A further point of discussion with President Thabo Mbeki was the issue of Zimbabwe's political turmoil. In a strongly worded statement General Powell called on President Mugabe to "submit to the law and the will of the people" by stepping down. Characterising the Zimbabwe President as a "throwback" to the days of African strongmen, General Powell expressed concern at the effect that Zimbabwe's political upheaval is having on the financial stability of the surrounding countries.
"I hope we can put the right kind of pressure on him so that he will yield to the desire of the people to have a free and fair election", General Powell said in a speech to students at the University of Witwatersrand, emphasising that President Mugabe should bring the so-called war veterans under control "to stop terrorising the communities in Zimbabwe".

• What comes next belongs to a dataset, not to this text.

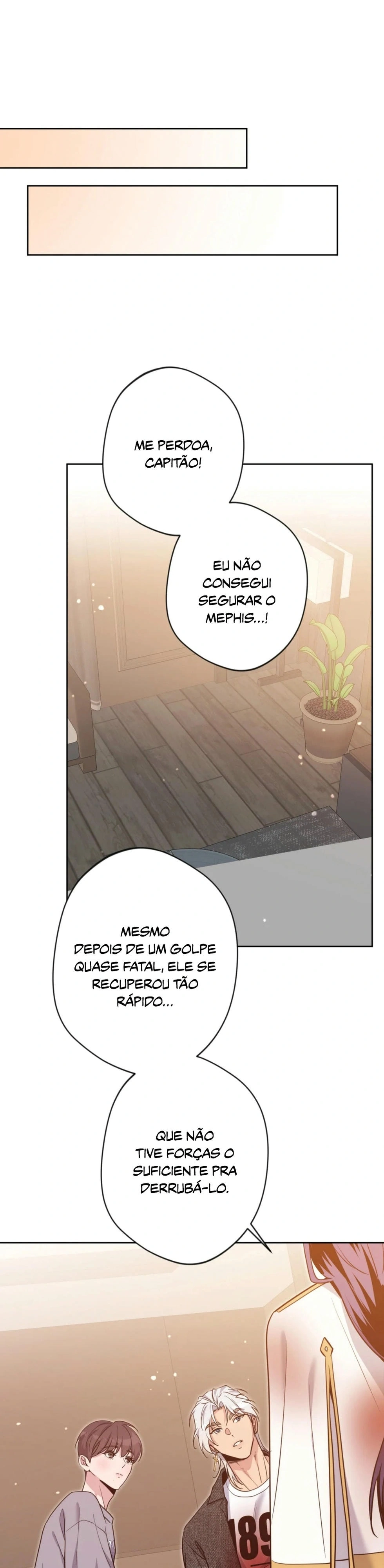 Beijo de anjo Capítulo 66 Página 40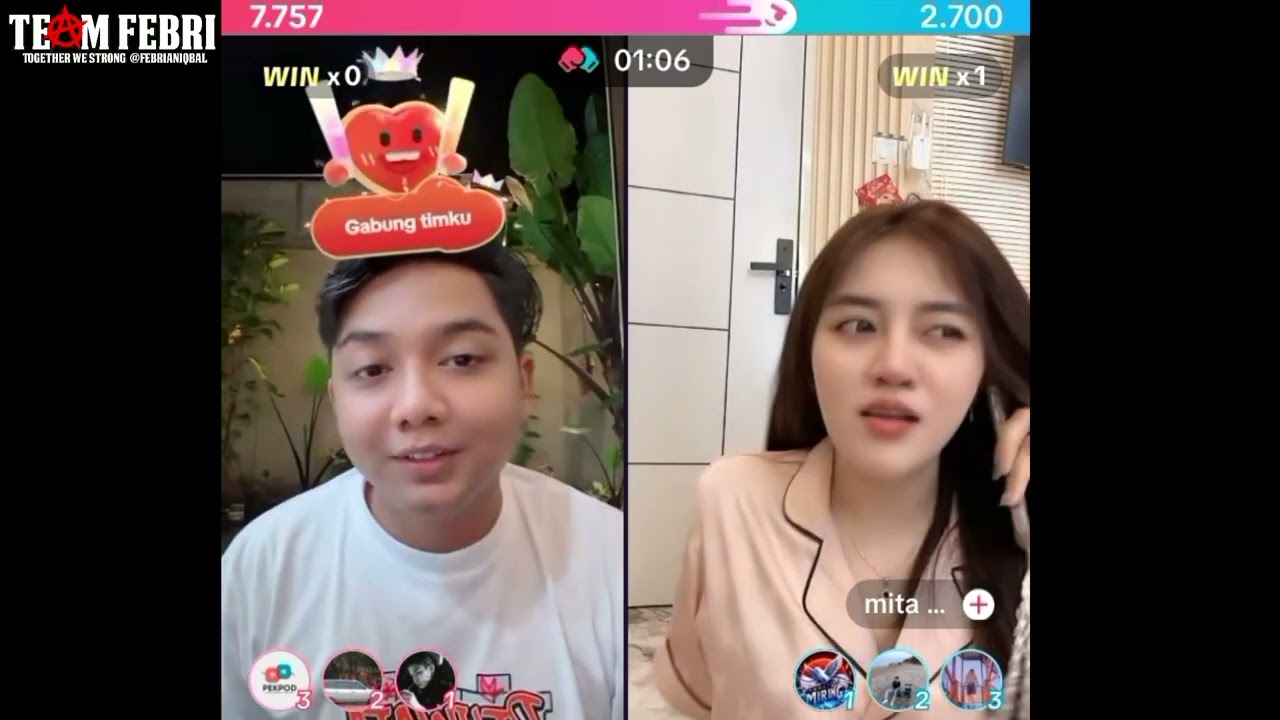 LIVE‼️ FEBRIAN IQBAL FTV MENGEJAR CINTA SAMPAI NIKAH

Elaborating further he said that the Bush administration believed that "America will be a friend to all Africans who seek peace" but that "Africans must bear the lion's share of responsibility for bringing stability to the continent".

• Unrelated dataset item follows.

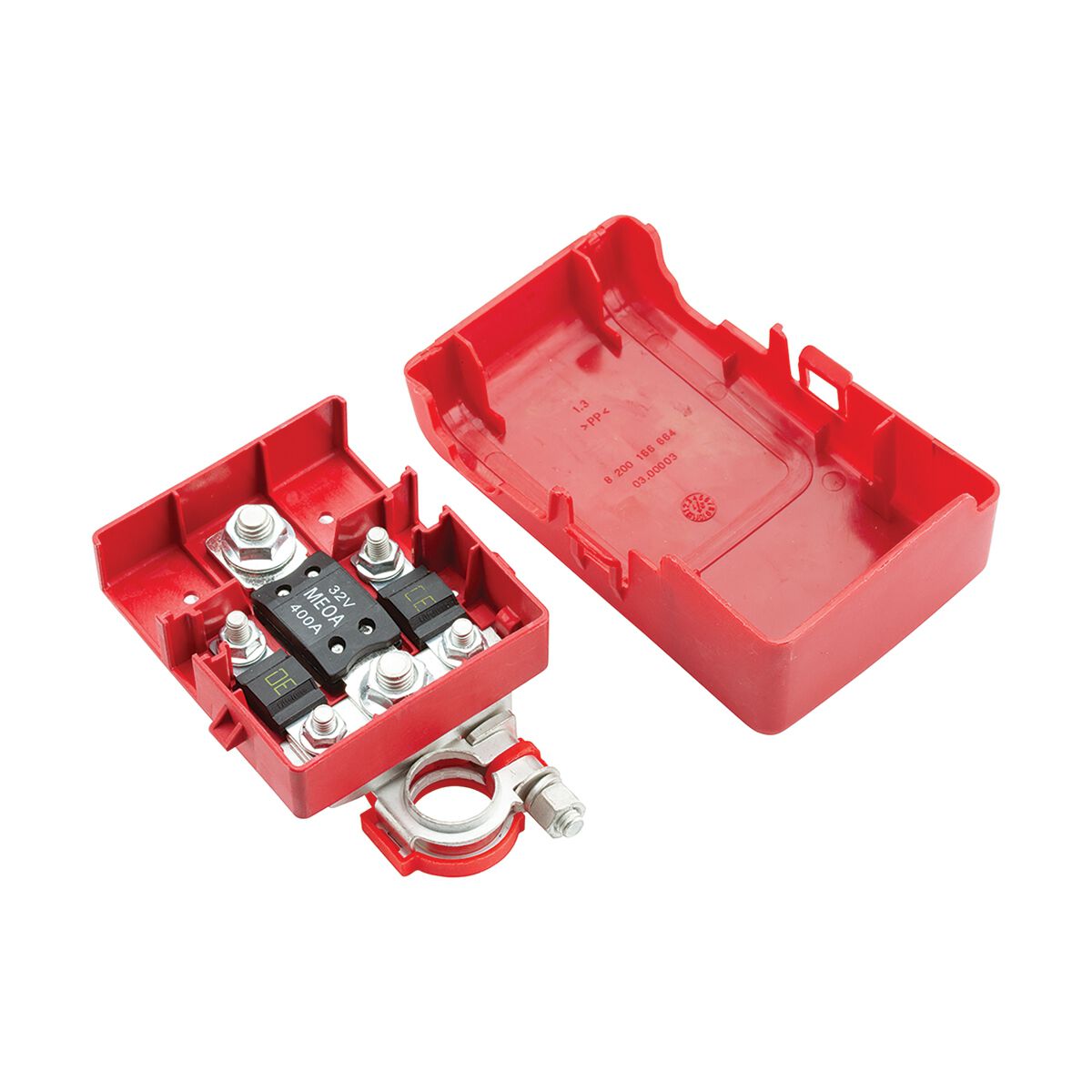 SCA Accessory Terminal Fused Post With Cover, , scaau_hi-res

As expected, the Secretary of State's remarks drew a stern response from Didymus Mutasa, Foreign Affairs secretary for the governing Zimbabwe African National Union-Patriotic Front. "The Americans must leave us alone and mind their own business," he said. "They must not try to impose leaders on us."
Powell in East Africa
The East African portion of General Powell's 'Focus on Africa' trip kicked off with an overnight visit to Nairobi where he held talks with Kenya's long-standing President Daniel arap Moi. Mirroring his call to President Mugabe, he urged President Moi to step aside and let a new President be elected next year, as required by law.
Secretary Powell's concern was caused by the fact that while Kenyan law requires elections to be held by December 2002 and although President Moi (76) is barred from re-election, his die hard supporters and political cronies have urged him to change the system and run again.

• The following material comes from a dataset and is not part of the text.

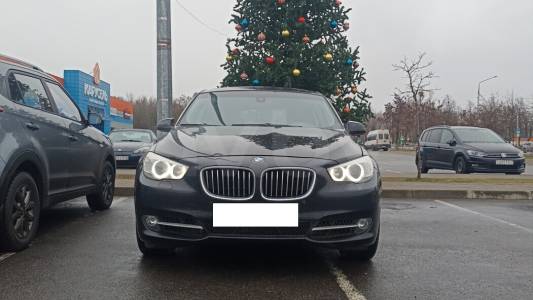 BMW 5 серия F07 (GT)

Dismissing General Powell's call for free elections and new leadership President Moi told General Powell to stay out of his affairs: "I think it is too much always trying to undermine the intelligence of the African peoples. Those who determine the destiny of Kenya are the people themselves."
The American government's attitude was reinforced by General Powell meeting with Kenyan opposition leaders Mwai Kibaki and Raila Odinga, son of former Vice-President Odinga Oginga. This meeting was seen back in Washington as indicative of the Bush administration's views that President Moi is a spent leader whose time is past.
With vital military facilities in the Indian Ocean port of Mombasa, General Powell's meeting with the Kenyan opposition leaders was also construed by local political observers as a forward-looking insurance policy.
Also rebuffed was the request for increased compensation by relatives of the 224 dead Kenyans killed in the 1998 American embassy bombing in Nairobi. While placing a wreath at the memorial for the victims, Secretary Powell declined to discuss the issue, saying that pending lawsuits prohibited him from debating the matter.
The last leg of General Powell's four-country trip took him to Uganda, a longtime ally of the United States and a country considered by the US as one of the few progressive nations on the continent. Under President Yoweri Museveni, Uganda is one of the leading recipients of US financial and military aid.
Rapprochement with Sudan?
In a surprising turn-about from past policies that signals a rapprochement with the Sudanese regime to the north, Secretary Powell confirmed that the United States would greatly expand its famine aid by shipping a further $5m of food to victims in both the African south and the 'Arab' north.
Until now, such aid to Khartoum has been off-limits due to pressure from a coalition of American Christian groups led by the Reverend Billy Graham urging the Bush administration to take a more active role in bringing down President Omar el-Beshir's Islamic government. American political pundits believe that oil companies eyeing Sudan's oil reserves are instrumental in this change of policy.
"I hope that as we move forward we can find a way to bring a cease-fire into effect and then move toward peaceful reconciliation of this long-standing conflict," General Powell stared on a departure from the Clinton administrations past policy of labelling the Khartoum regime as a rogue, terrorist government.
Revealing that he would soon appoint a special envoy to try to bring about peace between the Islamic government in the north and the rebel movements in the south, General Powell pointedly refused to meet with Col John Garang, the Nairobi-based leader of the Sudanese People's Liberation Army (SPLA).
"I have a candidate under consideration as a peace envoy and he will be announced in due course," Secretary Powell stated, confirming that the $3m dollars in equipment being provided to the rebel groups was to "improve their ability to take part in the peace process," and not to wage increased war.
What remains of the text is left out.